Как-то на улице я повстречал двух инвалидов — один был слеп, другой безрук. Обитатель ночи, слепец, вытаращив искусственные глаза со взглядом куклы, опирался на крепкую правую руку собрата-калеки, у которого по другую сторону свисал левый серого полевого цвета рукав — нежилой, непро-гретый. Я тоже человек, и мне стало не по себе. Что же они с вами сделали? — подумал я. Нет, это чудовищно, безумно, преступление и позор. Это не должно повториться, это не повторится.

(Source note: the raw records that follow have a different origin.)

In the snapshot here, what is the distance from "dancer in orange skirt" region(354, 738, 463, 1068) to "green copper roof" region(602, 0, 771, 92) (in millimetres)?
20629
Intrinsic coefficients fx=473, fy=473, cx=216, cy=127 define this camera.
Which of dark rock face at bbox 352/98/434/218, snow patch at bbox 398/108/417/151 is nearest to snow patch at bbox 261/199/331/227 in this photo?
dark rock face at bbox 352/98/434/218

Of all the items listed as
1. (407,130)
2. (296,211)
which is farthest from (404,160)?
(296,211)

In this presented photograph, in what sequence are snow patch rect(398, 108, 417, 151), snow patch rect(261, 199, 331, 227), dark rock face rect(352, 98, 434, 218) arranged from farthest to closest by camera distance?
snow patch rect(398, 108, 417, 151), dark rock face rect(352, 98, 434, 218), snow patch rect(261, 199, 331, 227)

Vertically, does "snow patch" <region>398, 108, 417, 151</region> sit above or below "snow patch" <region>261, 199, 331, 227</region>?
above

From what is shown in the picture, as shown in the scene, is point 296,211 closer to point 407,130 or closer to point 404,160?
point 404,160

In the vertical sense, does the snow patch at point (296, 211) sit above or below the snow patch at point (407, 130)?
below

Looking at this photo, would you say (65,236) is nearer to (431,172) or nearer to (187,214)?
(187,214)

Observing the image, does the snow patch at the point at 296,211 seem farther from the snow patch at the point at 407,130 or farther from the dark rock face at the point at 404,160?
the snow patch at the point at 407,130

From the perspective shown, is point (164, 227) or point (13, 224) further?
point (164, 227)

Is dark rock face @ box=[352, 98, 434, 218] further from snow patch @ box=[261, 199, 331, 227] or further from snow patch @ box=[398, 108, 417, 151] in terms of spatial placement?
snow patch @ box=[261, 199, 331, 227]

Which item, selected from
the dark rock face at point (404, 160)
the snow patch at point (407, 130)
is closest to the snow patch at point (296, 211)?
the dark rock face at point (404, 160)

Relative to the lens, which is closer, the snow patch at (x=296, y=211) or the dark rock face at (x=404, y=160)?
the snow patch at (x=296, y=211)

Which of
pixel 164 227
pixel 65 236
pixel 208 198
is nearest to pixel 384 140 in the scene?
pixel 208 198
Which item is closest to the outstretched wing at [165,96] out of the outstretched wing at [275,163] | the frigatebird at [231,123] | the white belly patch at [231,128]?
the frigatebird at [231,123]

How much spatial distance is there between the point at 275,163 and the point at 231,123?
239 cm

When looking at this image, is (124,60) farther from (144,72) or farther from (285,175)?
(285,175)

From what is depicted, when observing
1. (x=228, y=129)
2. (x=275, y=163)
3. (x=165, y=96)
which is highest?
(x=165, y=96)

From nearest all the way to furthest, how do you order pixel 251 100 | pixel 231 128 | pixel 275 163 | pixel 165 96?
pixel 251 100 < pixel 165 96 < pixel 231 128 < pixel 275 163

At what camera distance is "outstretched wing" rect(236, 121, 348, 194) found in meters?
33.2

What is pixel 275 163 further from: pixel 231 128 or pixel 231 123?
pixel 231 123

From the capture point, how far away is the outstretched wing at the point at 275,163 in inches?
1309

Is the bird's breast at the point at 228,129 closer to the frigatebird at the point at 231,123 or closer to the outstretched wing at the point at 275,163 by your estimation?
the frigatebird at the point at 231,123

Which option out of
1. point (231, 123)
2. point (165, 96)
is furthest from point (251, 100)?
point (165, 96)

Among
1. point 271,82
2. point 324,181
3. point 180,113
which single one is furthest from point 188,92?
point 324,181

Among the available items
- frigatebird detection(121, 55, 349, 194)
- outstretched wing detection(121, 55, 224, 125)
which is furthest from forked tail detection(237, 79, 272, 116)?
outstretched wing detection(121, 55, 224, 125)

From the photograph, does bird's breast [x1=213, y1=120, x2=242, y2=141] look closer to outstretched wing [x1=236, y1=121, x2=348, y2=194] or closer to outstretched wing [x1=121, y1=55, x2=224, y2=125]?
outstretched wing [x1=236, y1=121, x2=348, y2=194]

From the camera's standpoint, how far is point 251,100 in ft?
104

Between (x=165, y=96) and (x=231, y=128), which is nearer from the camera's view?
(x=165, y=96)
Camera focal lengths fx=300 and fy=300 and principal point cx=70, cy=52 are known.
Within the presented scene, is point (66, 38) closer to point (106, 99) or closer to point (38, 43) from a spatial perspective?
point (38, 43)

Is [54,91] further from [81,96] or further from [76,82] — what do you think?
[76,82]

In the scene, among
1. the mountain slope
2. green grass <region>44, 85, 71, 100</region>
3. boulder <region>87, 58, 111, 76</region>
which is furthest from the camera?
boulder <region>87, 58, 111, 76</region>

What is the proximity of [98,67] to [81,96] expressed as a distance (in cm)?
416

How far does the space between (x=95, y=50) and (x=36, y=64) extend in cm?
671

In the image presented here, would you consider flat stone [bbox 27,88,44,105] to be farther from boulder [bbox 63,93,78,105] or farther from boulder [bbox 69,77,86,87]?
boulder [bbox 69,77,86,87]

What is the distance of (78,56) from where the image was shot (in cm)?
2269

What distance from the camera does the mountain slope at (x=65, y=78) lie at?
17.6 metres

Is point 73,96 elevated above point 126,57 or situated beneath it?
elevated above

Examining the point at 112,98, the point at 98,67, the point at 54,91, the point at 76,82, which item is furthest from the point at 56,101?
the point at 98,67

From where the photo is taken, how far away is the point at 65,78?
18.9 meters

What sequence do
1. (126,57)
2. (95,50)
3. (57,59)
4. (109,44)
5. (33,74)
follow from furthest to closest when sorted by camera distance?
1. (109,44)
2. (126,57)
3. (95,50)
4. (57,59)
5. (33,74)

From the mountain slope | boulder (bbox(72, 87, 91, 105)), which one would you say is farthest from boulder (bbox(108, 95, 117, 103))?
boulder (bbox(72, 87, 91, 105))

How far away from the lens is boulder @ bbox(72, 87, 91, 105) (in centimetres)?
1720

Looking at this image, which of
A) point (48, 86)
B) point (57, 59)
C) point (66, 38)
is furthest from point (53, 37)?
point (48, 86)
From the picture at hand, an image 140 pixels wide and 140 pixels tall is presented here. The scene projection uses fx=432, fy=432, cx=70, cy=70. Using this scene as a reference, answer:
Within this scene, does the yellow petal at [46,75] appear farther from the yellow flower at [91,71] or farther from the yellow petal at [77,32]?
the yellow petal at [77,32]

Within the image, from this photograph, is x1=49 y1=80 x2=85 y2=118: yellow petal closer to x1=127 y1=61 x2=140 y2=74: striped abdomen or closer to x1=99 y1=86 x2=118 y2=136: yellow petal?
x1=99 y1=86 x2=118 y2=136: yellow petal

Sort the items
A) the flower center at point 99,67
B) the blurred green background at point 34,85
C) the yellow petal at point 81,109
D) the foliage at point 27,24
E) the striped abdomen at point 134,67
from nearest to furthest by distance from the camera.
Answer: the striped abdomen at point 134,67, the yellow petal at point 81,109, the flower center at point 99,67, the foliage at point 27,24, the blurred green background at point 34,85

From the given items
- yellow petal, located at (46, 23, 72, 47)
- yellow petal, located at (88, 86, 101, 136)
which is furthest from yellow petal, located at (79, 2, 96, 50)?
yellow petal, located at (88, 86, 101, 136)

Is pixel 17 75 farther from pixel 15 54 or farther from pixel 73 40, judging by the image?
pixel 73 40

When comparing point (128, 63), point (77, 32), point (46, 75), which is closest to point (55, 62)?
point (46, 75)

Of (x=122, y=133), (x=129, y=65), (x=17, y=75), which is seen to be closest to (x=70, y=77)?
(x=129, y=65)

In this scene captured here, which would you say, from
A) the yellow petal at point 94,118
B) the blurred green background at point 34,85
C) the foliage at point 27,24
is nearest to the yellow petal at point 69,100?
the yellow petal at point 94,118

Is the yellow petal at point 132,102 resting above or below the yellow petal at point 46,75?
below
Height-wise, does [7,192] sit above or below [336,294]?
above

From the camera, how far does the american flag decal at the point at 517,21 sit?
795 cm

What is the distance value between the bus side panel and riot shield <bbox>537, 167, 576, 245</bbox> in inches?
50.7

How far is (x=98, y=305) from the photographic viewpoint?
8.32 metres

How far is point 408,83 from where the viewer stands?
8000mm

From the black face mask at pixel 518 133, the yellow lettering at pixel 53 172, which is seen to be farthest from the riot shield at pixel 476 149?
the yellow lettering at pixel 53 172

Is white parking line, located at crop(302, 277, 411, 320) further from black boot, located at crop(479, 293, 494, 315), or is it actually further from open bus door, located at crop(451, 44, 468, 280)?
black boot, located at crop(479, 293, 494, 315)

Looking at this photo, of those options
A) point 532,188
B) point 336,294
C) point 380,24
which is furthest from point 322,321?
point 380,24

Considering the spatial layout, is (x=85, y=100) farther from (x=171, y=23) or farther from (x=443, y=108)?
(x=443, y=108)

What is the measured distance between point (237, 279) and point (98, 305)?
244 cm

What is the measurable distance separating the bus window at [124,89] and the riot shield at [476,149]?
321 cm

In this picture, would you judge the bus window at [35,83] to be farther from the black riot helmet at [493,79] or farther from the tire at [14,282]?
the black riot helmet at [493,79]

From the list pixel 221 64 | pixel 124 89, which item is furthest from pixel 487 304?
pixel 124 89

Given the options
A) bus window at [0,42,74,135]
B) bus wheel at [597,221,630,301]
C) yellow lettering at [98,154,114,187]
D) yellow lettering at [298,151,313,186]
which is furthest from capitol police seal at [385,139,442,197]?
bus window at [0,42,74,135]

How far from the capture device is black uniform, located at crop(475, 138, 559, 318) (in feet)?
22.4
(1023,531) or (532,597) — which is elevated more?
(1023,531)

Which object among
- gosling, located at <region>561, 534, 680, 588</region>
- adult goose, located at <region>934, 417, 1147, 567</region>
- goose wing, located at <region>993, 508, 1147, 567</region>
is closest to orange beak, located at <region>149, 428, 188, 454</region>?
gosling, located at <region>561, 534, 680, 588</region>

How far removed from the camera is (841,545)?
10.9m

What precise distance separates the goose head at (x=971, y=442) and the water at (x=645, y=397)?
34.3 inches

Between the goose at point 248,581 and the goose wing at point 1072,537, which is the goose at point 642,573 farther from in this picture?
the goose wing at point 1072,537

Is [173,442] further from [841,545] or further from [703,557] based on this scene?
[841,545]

Я приблизился к ним и держался невдалеке: всякий раз, как нам является жизнь, следует без любопытства, с тактичным почтением в неё углубиться. Следует приблизиться и держаться невдалеке — с участием, с любовью к правде, без эмфазы. Издали жизнь кажется патетичной и исторгает неистовые слова, вроде «чудовищно», «безумно», «преступление», «позор». Вблизи она проще, скромнее, не столь риторична, редко без юмористической нотки, короче говоря, она сразу становится намного человечней.

Калеки шли молча, и это, несомненно, усиливало трагическое достоинство зрелища. Впечатление достоинства, красоты, эстетически волнующего феномена люди производят почти исключительно, пока молчат. Стоит им раскрыть рот, уважения к ним в большинстве случаев как не бывало. Достоинство и красота животных в значительной мере неотделимы от того обстоятельства, что они не умеют говорить. И тут мои друзья начали беседу. Они заговорили гортанными, прокуренными верхнебаварскими голосами, на своём глухо рокочущем диалекте со множеством средневерхненемецких дифтонгов вроде «оа» и «уа». Одному что-то пришло в голову, он мог придержать это при себе, а мог и высказать; он решил высказать, тем более что молчали они уже довольно долго. Это был однорукий. Другой, с кукольным взглядом, выслушал его из своей ночи, поскольку был всего-навсего слеп, но не глух, и не раздумывая ответил, на что однорукий рассмеялся. С ним мне приходилось быть осторожнее, так как у него были живые глаза и он мог меня увидеть, о чём я чуть было не забыл. Он рассмеялся не на люди, что, видимо, казалось ему неприличным, коли он вёл под руку слепого, а несколько украдкой, тихонько и сказал что-то ещё, слепой что-то добавил, и на его глупом от непривычной пока слепоты лице тоже появилась деревянная, ночная улыбка. Стояла прекрасная осенняя погода.